On Wednesday, July 20, a spokesperson for the PPD, Sgt. Eric Gripp, said the officer had been issued a 30 days notice of termination on July 5.
The department withheld the officer’s name this week, but the Philadelphia Inquirer newspaper reports its police sources have revealed the voice on the taping as Lt. Anthony McFadden, noting he previously was assigned to the department’s Special Victims Unit.
It only took 18 seconds for McFadden, a 32-year PPD veteran, to throw his career into the Schuylkill River.
On Wednesday, June 22, McFadden was captured on an audio clip talking to a female call taker who was in the police radio room, the Inquirer reports. The call taker apparently is receiving information about a 911 call.
It is unclear what transpired before the expletive was used, but it seems that he was trying to locate a person or an address, said an earlier report.
“Yeah, 516,” the lieutenant said, giving the number of the address. “I think he lives in a …”
The 911 operator interrupts and asks, “Osborne Street?”
“Yes,” McFadden confirmed.
“It’s a dead cell phone, hold on,” shares the call taker.

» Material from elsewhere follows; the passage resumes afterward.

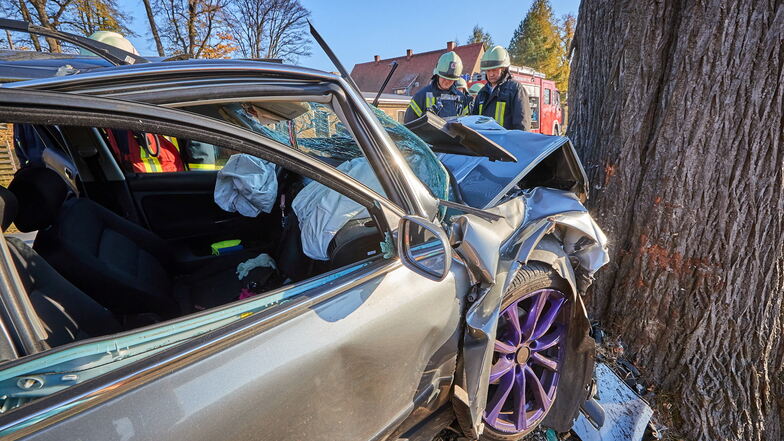 Die Fahrerin des VW musste verletzt ins Krankenhaus gebracht werden.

“F–k n–gers,” he snapped after pausing for a second.
The call was made on a department private line and was not broadcast over the public PPD radio channels.
Shortly afterward, the clip was circulated throughout the department and leaked and circulated on social media.
The audio was brought up the next day at a City Council meeting.
Councilmember Cherelle Parker, an African-American, told the group of elected politicians she had received text messages from her constituents who heard about the call.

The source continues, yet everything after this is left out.